Important progress has been achieved in recent years with regards to the monocular SLAM problem, which consists of estimating the 6-D pose of a single camera, whilst building a 3-D map representation of scene structure observed by the camera. Nowadays, there exist various monocular SLAM systems capable of outputting camera and map estimates at camera frame rates over long trajectories and for indoor and outdoor scenarios. These systems are attractive due to their low cost - a consequence of using a conventional camera - and have been widely utilised in different applications such as in augmented and virtual reality.
However, the main utility of the built map has been reduced to work as an effective reference system for robust and fast camera localisation. In order to produce more useful maps, different works have proposed the use of higher-level structures such as lines, planes and even meshes. Planar structure is one of the most popular structures to be incorporated into the map, given that they are abundant in man-made scenes, and because a plane by itself provides implicit semantic cues about the scene structure. Nevertheless, very often planar structure detection is carried out by ad-hoc auxiliary methods delivering a delayed detection and therefore a delayed mapping which becomes a problem when rapid planar mapping is demanded.
My thesis work addresses the problem of planar structure detection and mapping by proposing a novel mapping mechanism called structure-driven mapping. This new approach aims at enabling a monocular SLAM system to perform planar or point mapping according to scene structure observed by the camera. In order to achieve this, we propose to incorporate the plane detection task into the SLAM process. For this purpose, we have developed a novel framework that unifies planar and point mapping under a common parameterisation. This enables map components to evolve according to the incremental visual observations of the scene structure thus providing undelayed planar mapping. Moreover, the plane detection task stops as soon as the camera explores a non planar structure scenario, which avoids wasting unnecessary processing time, starting again as soon as planar structure gets into view.

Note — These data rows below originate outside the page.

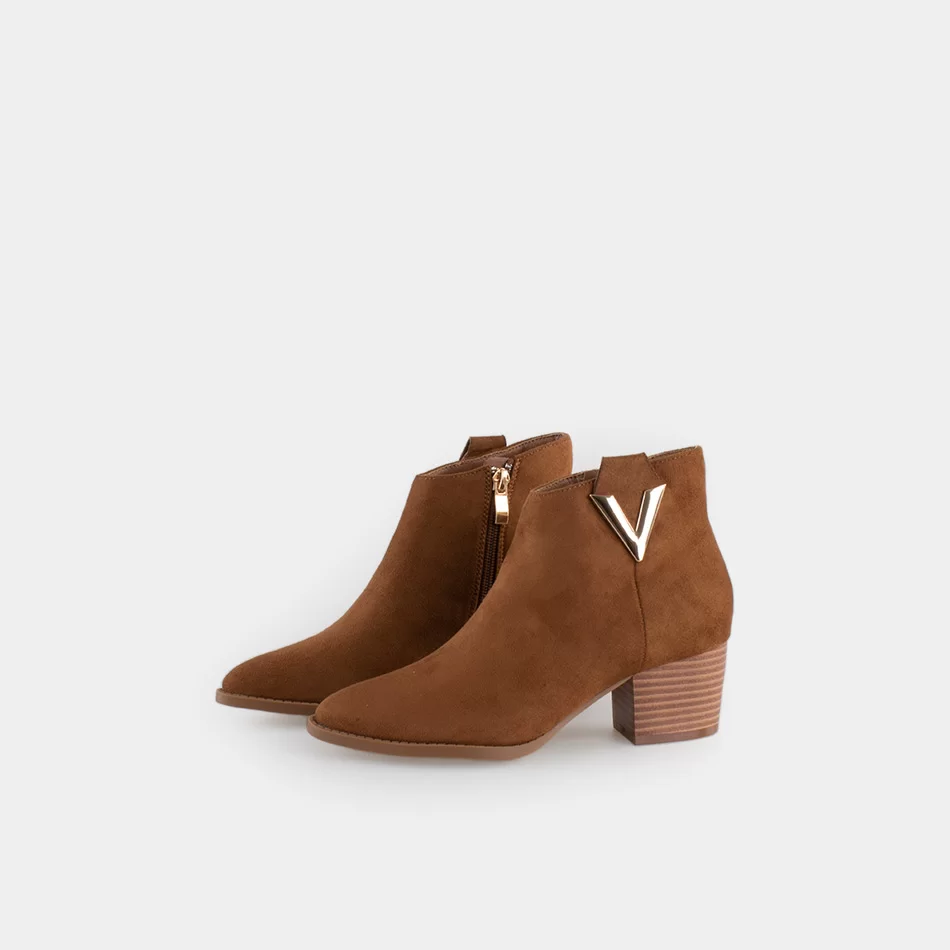Botins com Salto - undefined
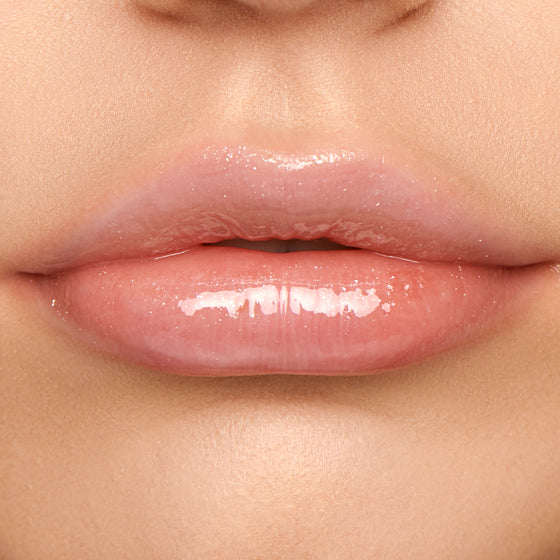 lip gloss Le Grand Volume Vivienne Sabo Glossy Lip moisturizing lips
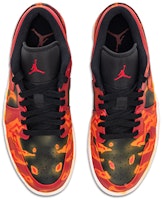 Jordan 1 Low "Rojo Universitario Reverso" 553560-606(Team24-女款AJ1火焰) Shop Jordan 1 Low "Rojo Universitario Reverso" 553560-606(Team24-女款AJ1火焰)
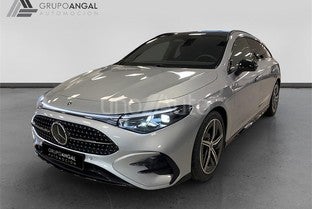 MERCEDES-BENZ Clase CLA 220 Shoot. B. con tecnología híbrida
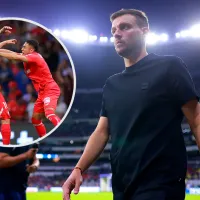 Martín Anselmi, DT de Cruz Azul, sobre el Toluca: \&#039;Está arriba y si está ahí es por algo\&#039;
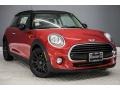 Blazing Red Metallic - Hardtop Cooper 2 Door Photo No. 12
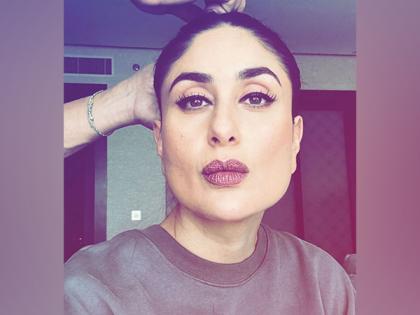 Kareena Kapoor drops pic from United Arab Emirates | Kareena Kapoor drops pic from United Arab Emirates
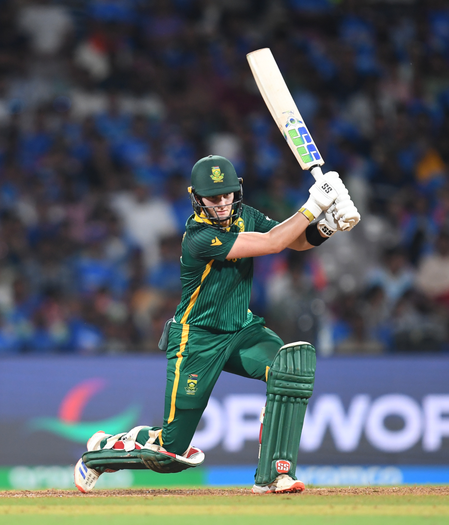 2nd WT20I: Luus, Wolvaardt hit fifties each as South Africa thrash India by eight wickets
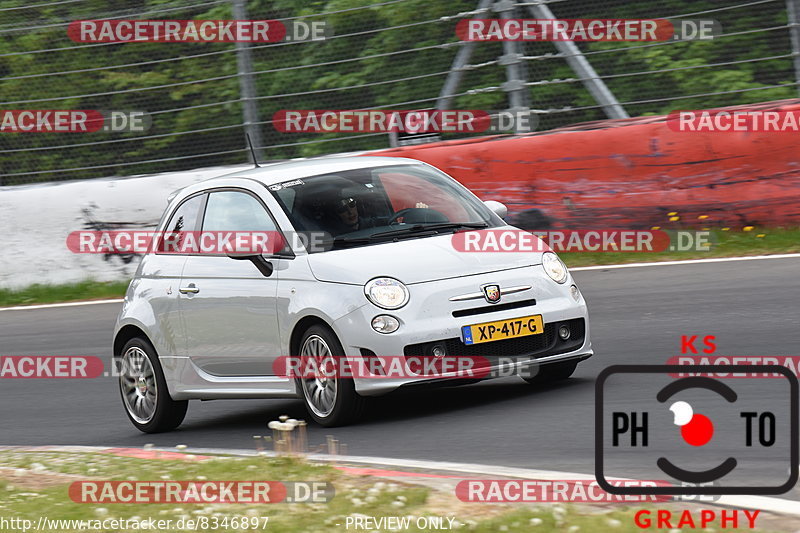 Bild #8346897 - Touristenfahrten Nürburgring Nordschleife (09.05.2020)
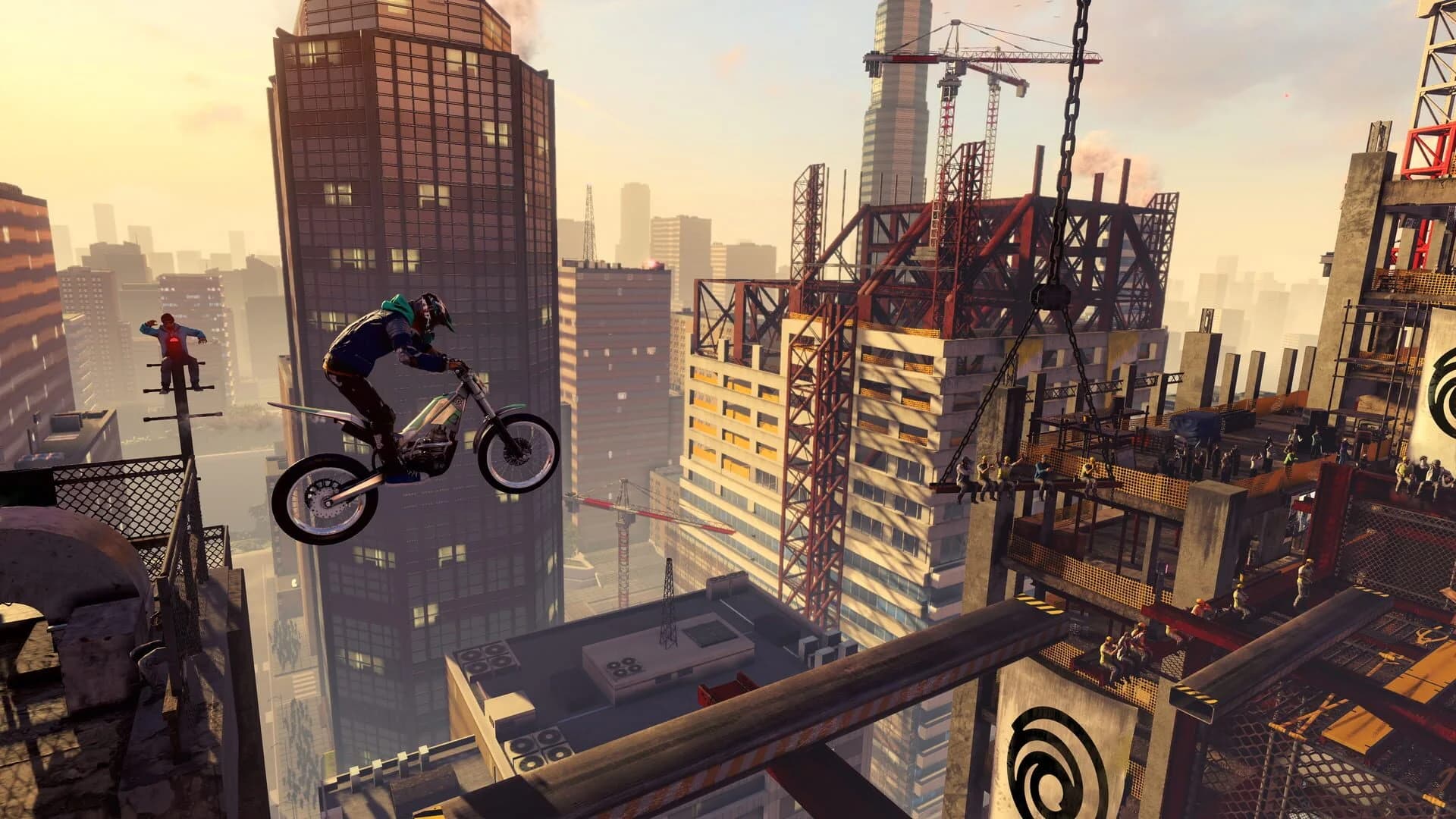 Trials Rising screenshot 3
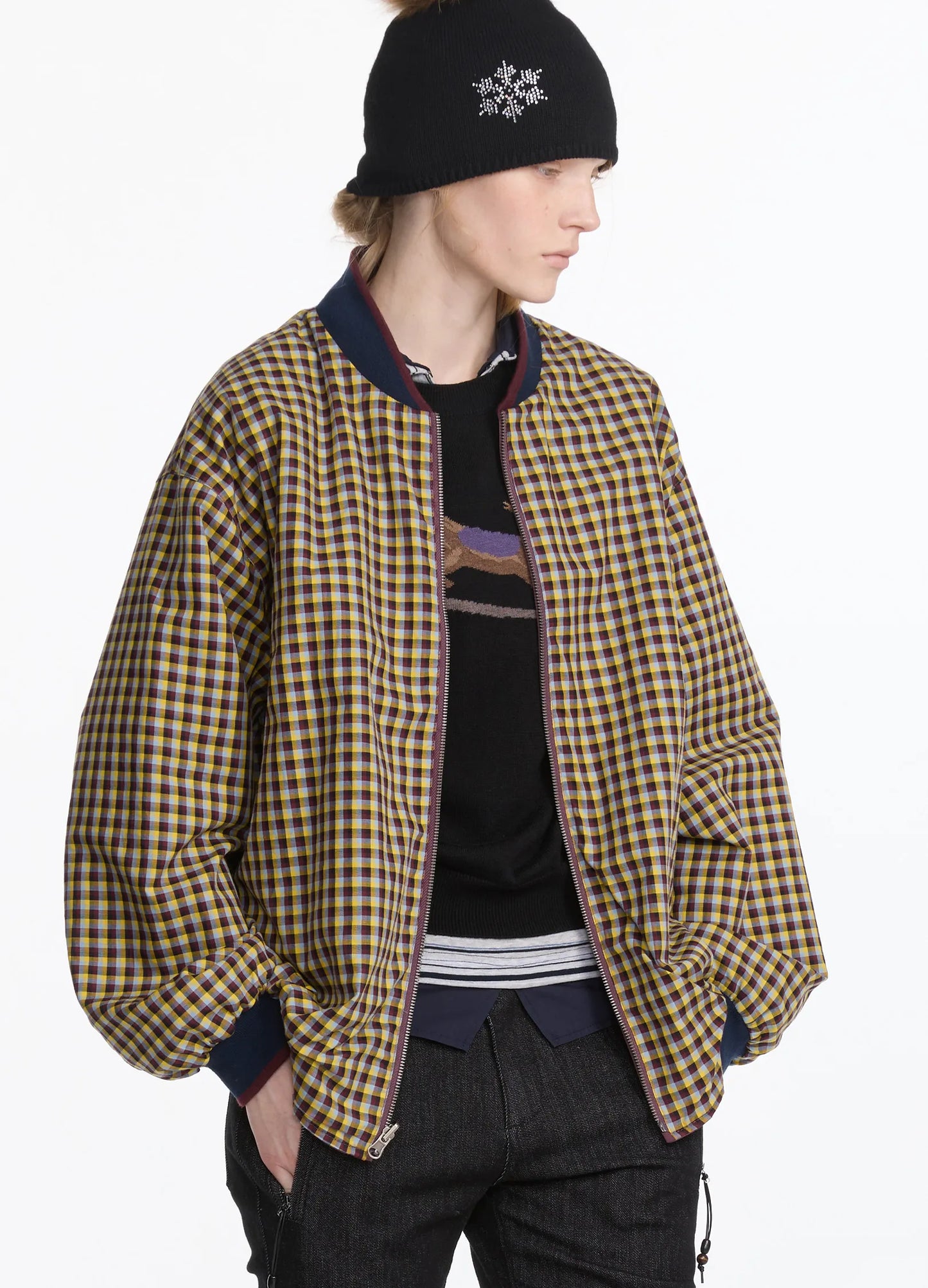 Reversible Bomber
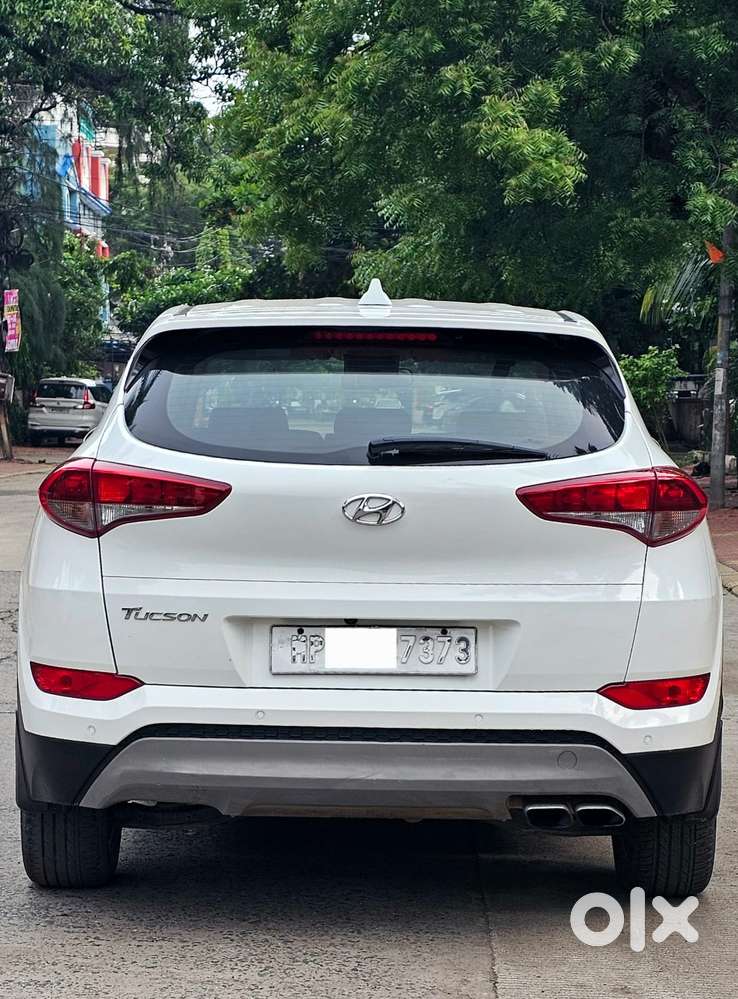 Hyundai Tucson Crdi, 2019, Diesel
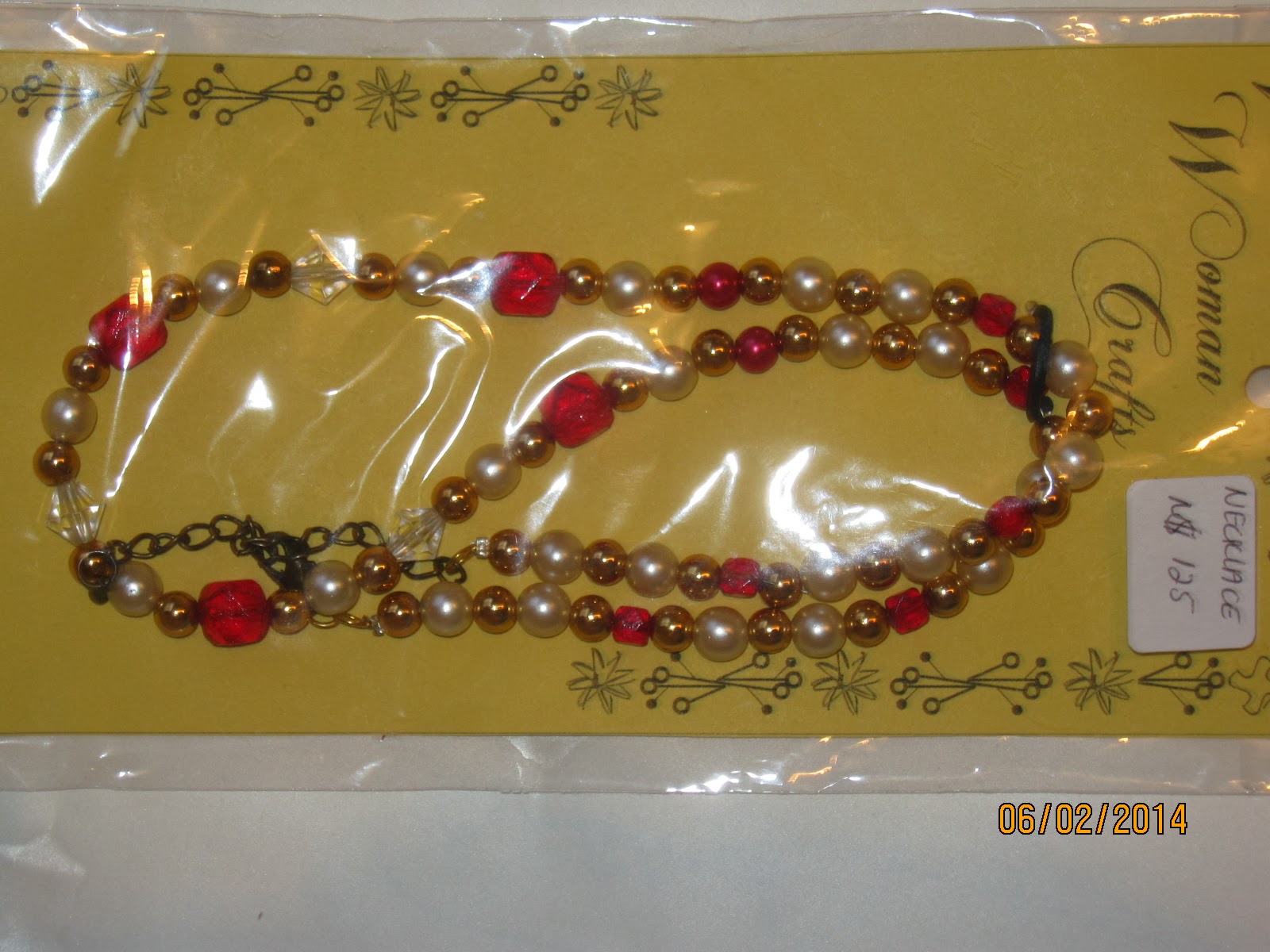 Virtuous Woman Crafts Necklaces for sale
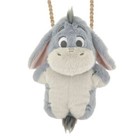 Japan Tokyo Disney Store Eeyore Plush Pochette Winnie The Pooh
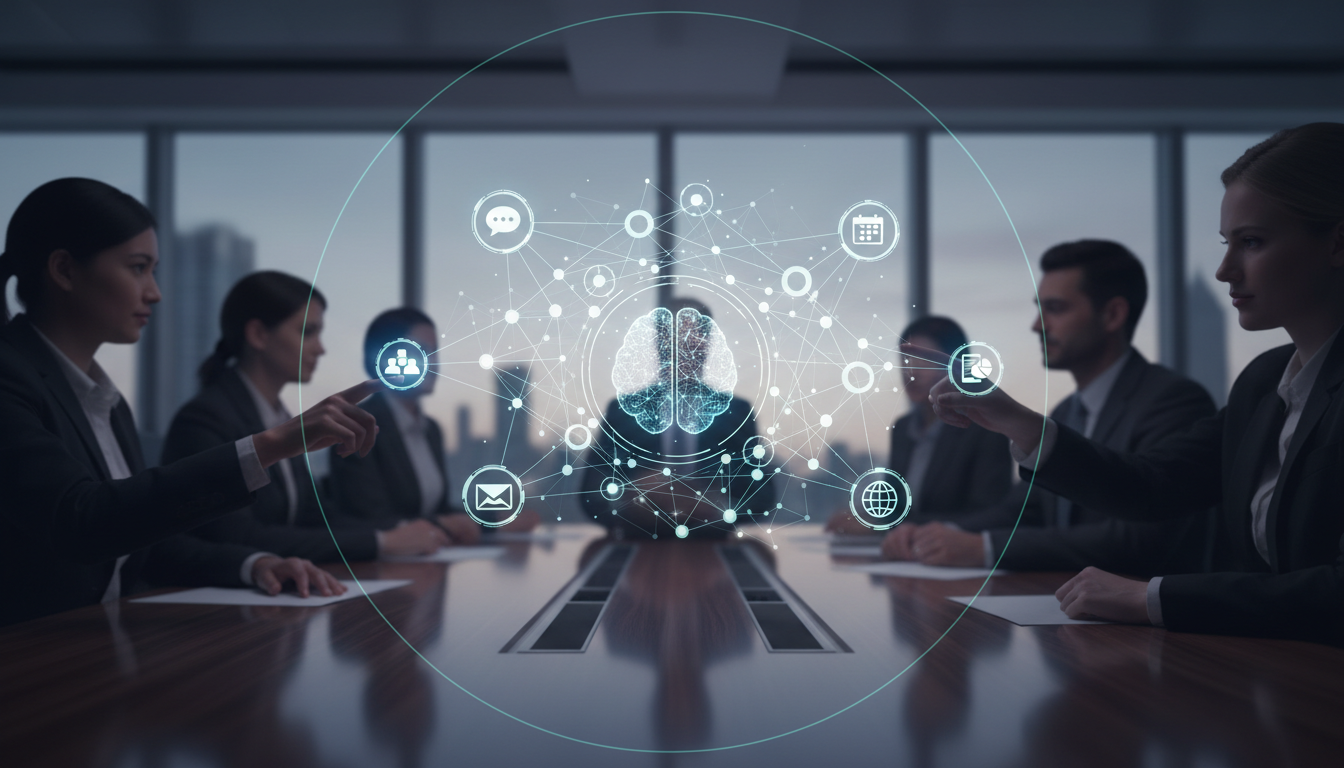 AI-Powered Enterprise Collaboration Assistant Software in 2026: Chaos or Competitive Edge?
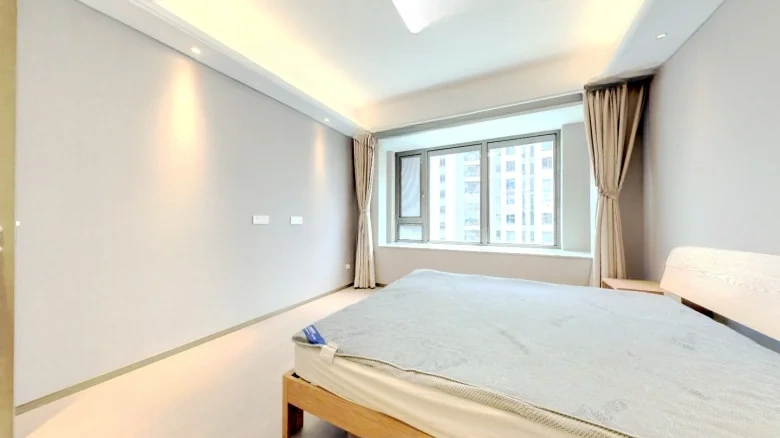 Renevolent Harmony Ocean and Cloud Courtyard - View 5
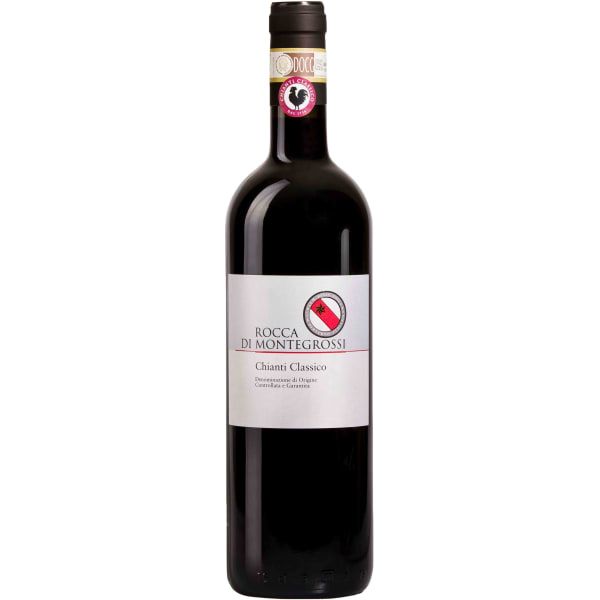 Rocca Di Montegrossi Chianti Classico 2021 750ml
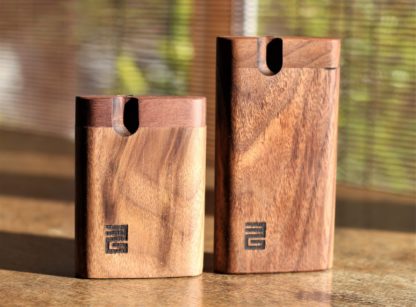 Black Walnut Dugouts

In my thesis I present a thorough evaluation of this novel approach through simulation experiments and results obtained with real data. I also present a visual odometry application which takes advantage of the efficient way in which the scene structure is mapped by using the novel mapping mechanism presented in this work. Therefore, the results suggest the feasibility of performing simultaneous planar structure detection, localisation and mapping within the same coherent estimation framework.